### [Exercise brief]
Would you please repeat, word for word, only the lines from the one holding "New 2025 MAZDA" through the one holding "Vista de la" in the material below, without the pictures?

### [Records shown]
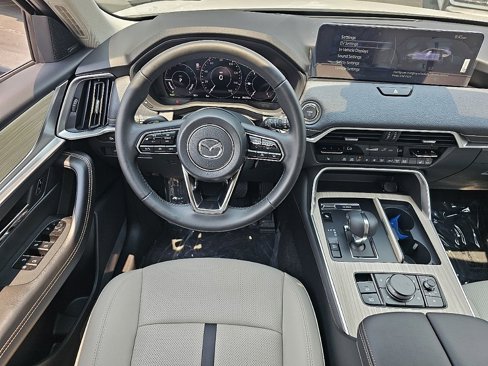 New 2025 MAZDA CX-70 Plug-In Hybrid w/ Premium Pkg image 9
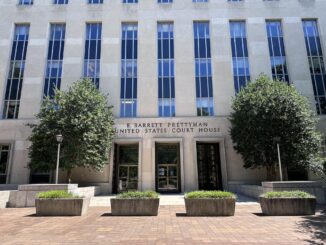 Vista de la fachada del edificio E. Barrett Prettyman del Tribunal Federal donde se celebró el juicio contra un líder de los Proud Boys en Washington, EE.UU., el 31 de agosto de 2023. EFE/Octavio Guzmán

...

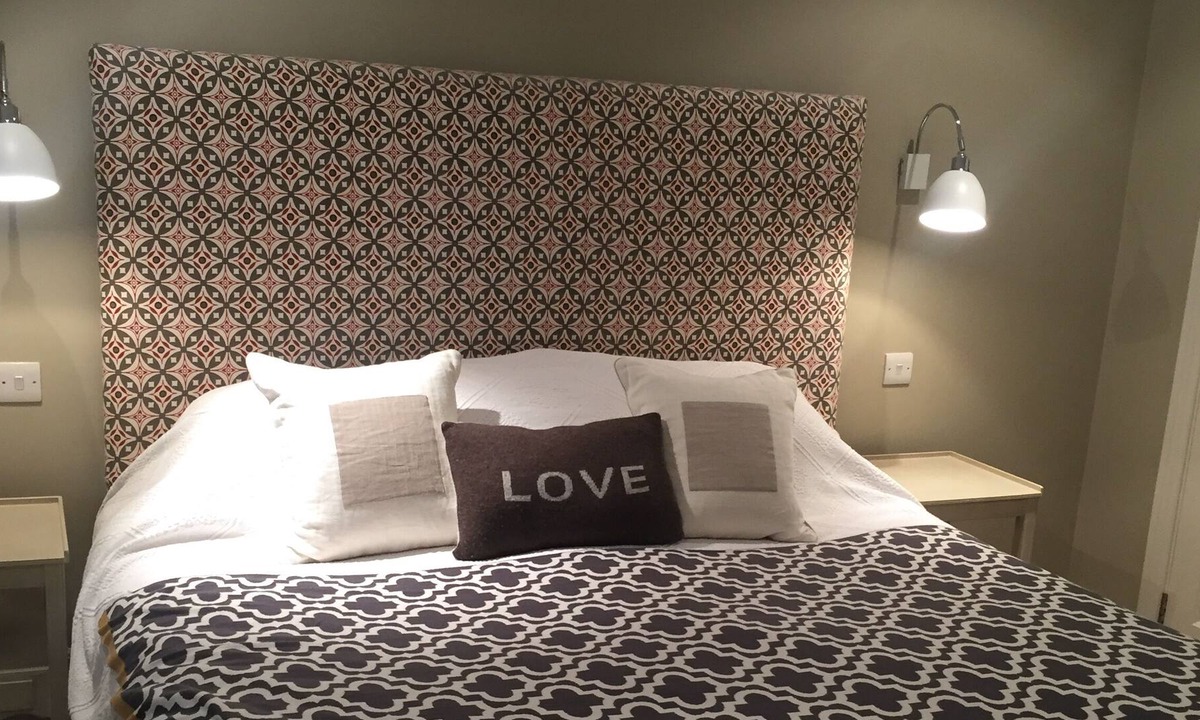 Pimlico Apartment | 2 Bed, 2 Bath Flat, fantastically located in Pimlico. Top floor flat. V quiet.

==

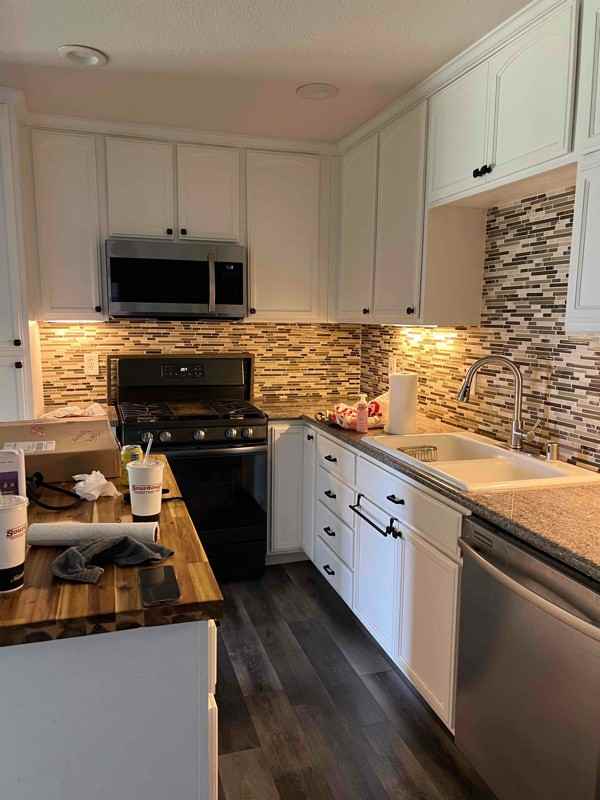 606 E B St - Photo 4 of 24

### [Response]
 New 2025 MAZDA CX-70 Plug-In Hybrid w/ Premium Pkg image 9
 Vista de la fachada del edificio E. Barrett Prettyman del Tribunal Federal donde se celebró el juicio contra un líder de los Proud Boys en Washington, EE.UU., el 31 de agosto de 2023. EFE/Octavio Guzmán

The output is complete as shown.